Alitalia's undertakings include: A) the adoption of Guidelines to define and set a sort of code of conduct for influencers involved in promoting the services of the company and B) a standard clause to be included in future co-marketing contracts, providing for an obligation for commercial partners to take all necessary precautions to avoid subliminal advertising messages in influencer marketing.

Aeffe has taken a step further since it undertakes that “in any sponsorship or endorsement contract that it will enter into with influencers for the promotion of its goods or services, the influencers are expressly bound to make it clear that Aeffe's contents posted on social media are meant for promotional purposes, for example using hashtags such as #suppliedbyAlbertaFerreti or #courtesyofAlbertaFerretti?” or #adv or #sponsored”. Aeffe also intends to provide for "a penalty of not less than 10% of the total amount provided for in the contract in favor of the influencer" if the influencer fails to fulfil his/her obligations and "the right of Aeffe to terminate the contract” if the influencer keeps “forgetting” his/her obligation.
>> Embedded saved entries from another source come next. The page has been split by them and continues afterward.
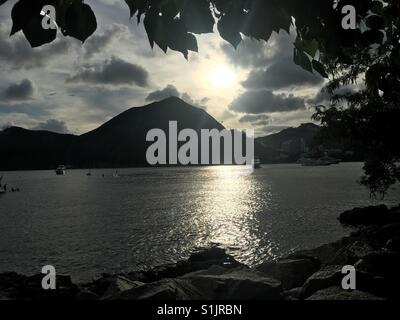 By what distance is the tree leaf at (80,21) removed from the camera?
6.90 ft

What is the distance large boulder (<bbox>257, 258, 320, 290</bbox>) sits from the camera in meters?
18.8

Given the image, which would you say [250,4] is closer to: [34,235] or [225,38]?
[225,38]

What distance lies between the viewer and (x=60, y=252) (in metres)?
37.4

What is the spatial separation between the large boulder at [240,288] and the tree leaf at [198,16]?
36.7ft

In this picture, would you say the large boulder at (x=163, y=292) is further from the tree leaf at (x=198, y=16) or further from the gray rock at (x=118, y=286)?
the tree leaf at (x=198, y=16)

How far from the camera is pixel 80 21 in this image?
2.11 meters

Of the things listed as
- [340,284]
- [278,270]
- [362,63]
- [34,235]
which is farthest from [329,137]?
[34,235]

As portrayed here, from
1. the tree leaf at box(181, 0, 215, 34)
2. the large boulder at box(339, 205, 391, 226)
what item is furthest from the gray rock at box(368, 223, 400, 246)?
the tree leaf at box(181, 0, 215, 34)

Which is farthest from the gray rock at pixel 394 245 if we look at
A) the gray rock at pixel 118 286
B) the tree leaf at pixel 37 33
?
the tree leaf at pixel 37 33

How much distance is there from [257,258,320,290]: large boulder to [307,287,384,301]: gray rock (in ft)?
26.0

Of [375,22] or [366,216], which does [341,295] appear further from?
[366,216]

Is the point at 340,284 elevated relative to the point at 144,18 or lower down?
lower down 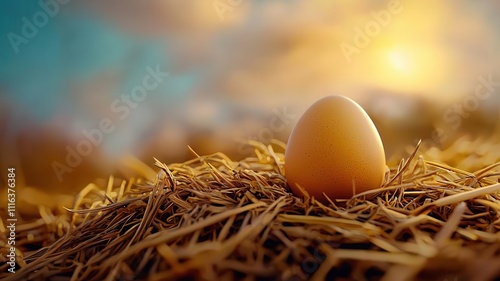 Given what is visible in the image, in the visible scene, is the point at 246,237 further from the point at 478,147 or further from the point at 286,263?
the point at 478,147

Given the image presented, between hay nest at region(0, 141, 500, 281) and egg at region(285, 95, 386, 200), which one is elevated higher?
egg at region(285, 95, 386, 200)

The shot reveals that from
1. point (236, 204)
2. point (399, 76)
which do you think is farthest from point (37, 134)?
point (399, 76)

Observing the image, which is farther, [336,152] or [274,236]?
[336,152]

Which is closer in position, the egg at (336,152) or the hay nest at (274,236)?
the hay nest at (274,236)

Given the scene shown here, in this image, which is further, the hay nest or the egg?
the egg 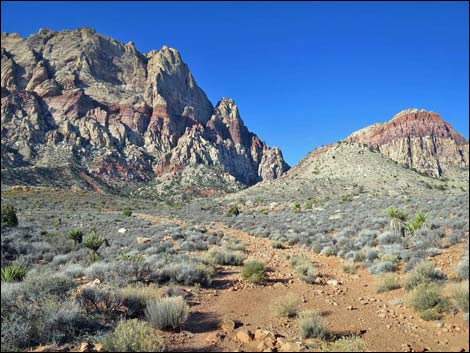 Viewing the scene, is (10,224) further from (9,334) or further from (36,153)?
(36,153)

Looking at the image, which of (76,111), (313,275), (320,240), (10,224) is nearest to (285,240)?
(320,240)

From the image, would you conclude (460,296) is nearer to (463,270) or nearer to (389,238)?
(463,270)

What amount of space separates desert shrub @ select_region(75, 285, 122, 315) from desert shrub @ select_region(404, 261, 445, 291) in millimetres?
7457

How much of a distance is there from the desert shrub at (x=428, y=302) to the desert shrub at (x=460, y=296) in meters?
0.25

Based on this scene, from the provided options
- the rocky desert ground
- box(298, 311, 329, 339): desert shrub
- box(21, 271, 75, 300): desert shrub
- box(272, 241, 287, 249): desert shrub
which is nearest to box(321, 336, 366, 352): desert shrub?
the rocky desert ground

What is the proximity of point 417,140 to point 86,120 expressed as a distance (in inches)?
5396

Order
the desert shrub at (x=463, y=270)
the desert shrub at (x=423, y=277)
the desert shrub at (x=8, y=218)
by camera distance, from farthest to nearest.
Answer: the desert shrub at (x=8, y=218) < the desert shrub at (x=423, y=277) < the desert shrub at (x=463, y=270)

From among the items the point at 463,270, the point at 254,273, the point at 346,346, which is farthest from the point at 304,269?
the point at 346,346

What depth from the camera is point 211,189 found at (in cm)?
12788

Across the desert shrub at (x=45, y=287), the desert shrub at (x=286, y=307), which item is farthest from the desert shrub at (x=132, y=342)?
the desert shrub at (x=286, y=307)

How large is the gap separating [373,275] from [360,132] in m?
135

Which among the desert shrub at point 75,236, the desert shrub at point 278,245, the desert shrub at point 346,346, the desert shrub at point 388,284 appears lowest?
the desert shrub at point 346,346

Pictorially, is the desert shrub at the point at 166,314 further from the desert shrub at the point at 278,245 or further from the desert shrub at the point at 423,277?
the desert shrub at the point at 278,245

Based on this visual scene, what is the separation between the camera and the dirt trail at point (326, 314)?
21.4 ft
On their side, the influencers have undertaken to convey the promotional purpose of the contents they disseminate on social media in a transparent manner, not only with regard to the brands involved in the proceedings at hand, but also with regard to any other brand they will have relations in this regard in the future. In practice, when they entered into any contractual relationship established with brands or when they receive free-to-use products, influencers now have to use appropriate hashtags whenever the product displayed in the post/story is a gift (for example, #suppliedby) or if it is promoted as part of an influencer marketing operation (such as #advertising, #sponsoredby, #pubblicitàbrand, #sponsoratodabrand and other hashtags).

AGCM found these undertakings suitable for remedying possible profiles of unlawfulness of the business practice challenged in the proceedings.

This is the first time that a case of subliminal advertising on social networks has been closed in Italy. After delivered letters of moral suasion to the influencers last December (see https://www.agcm.it/media/comunicati-stampa/2017/7/alias-8853), AGCM succeed to obtain specific commitments for those influencers who violate its provisions. The next step will be hopefully the application of the penalties provided for by the Italian Consumer Code. It is thus of the utmost importance to ensure consumers the maximum transparency and clarity on the possible advertising content of posts on social media, given that subliminal marketing is particularly insidious because it can leave recipients without the natural defenses activated in the presence of a straightforward advertising messages.